Beer Guide London Visits 14 – Central
On the 24th February what most of the world hoped wouldn’t happen happened. Russian forces rolled in to Ukraine. A couple of days later I decided to head in to London to see what, if anything, was happening at the respective Embassies and elsewhere.
I made my to Notting Hill and walked to the Russian Embassy where a large, noisy, crowd had assembled to protest. The Wall of the Embassy, and the pavement, were covered in slogans and messages of support for the Ukrainians. I stayed here for half an hour, soaking in what was happening and occasionally adding my voice to the volleys of insults and abuse directed at those inside, and by extension their boss thousands of miles away.
In a subdued mood I decided it was time for a drink so took the short walk to the Mall Tavern, an imposing corner pub, sister to the Stag in Belsize Park and a great place for good beer if you find yourself in this part of London. I settled down with my drink for some quiet contemplation, but the rugby was about to start on the TV and it was starting to get busy so I decided to move on and walk down to Holland Park to see what was happening at the Ukrainian Embassy.

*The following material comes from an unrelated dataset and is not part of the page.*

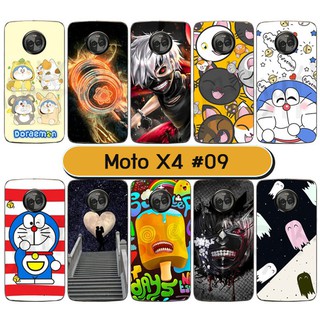 เคส moto x4 ลายการ์ตูน กรอบโมโต x4 ลายการ์ตูน set09 พร้อมส่งในไทย มีเก็บปลายทาง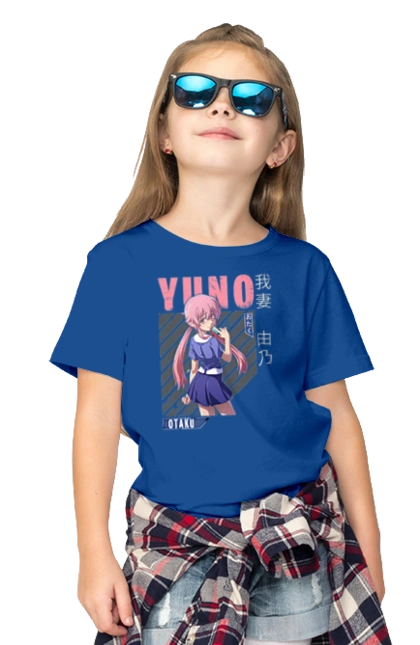 Дневник будущего Юно Гасай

I had to walk past the Russian Embassy again en route, and the crowds, if anything, were getting larger and more vociferous. I continued down the road and on the corner where you turn for the Ukrainian Embassy I discovered that there is a statue of Saint Volodmyr, Patron Saint of the Ukrainian People. In stark contrast to earlier the scene outside the Ukrainian Embassy was one of calm, there was no crowd, just piles of flowers left at the gates and a trickle of curious people, like myself. I stood in quiet contemplation for a while, thinking back to my time there in January, and the realisation that it will never be the same again.
I decided to jump on the Central Line and do a couple of pubs in the centre before heading to Whitehall to see what was happening there. The first stop was the Queen Charlotte, formerly part of the Draft House chain but now fully absorbed by BrewDog, and recently totally rebranded as such. As with the other Draft Houses this rebranding has finally seen them become a sort of BrewDog light, but thankfully there were still a couple of interesting beers available and I ended up on a 9.0% Liquorice Stout from recently closed Weird Beard. It was that kind of day. Then I found that I’d had it before. Yep, it was that kind of day!
I carried on down the road to visit what is probably the poshest entry in the Guide, the Wigmore, the bar attached to the adjacent Langham Hotel. I always feel self conscious when I enter but, and I cannot emphasise this enough, I have always been made to feel welcome. The bar was packed, a sign that tourism is slowly returning to London, but I managed to find a seat at the bar and was pleasantly surprised that they had a house saison available brewed by the excellent Yonder Brewing and Blending.
The walk down to Whitehall took longer than expected as tourists really are beginning to return in numbers, much to my annoyance! Once I started walking down towards the Cenotaph it became clear that this was where the largest protest was taking place, outside Downing Street. The road had been closed and it was packed, a sea of blue and yellow. I wandered around here, barely taking in the chants and banners as I was lost in my own thoughts about the situation.
In a very subdued mood now I made the decision that I would spend the night working my way through the taps at my favourite Dutch bar. When I arrived I discovered that it was closed for a private event. It was definitely that kind of day.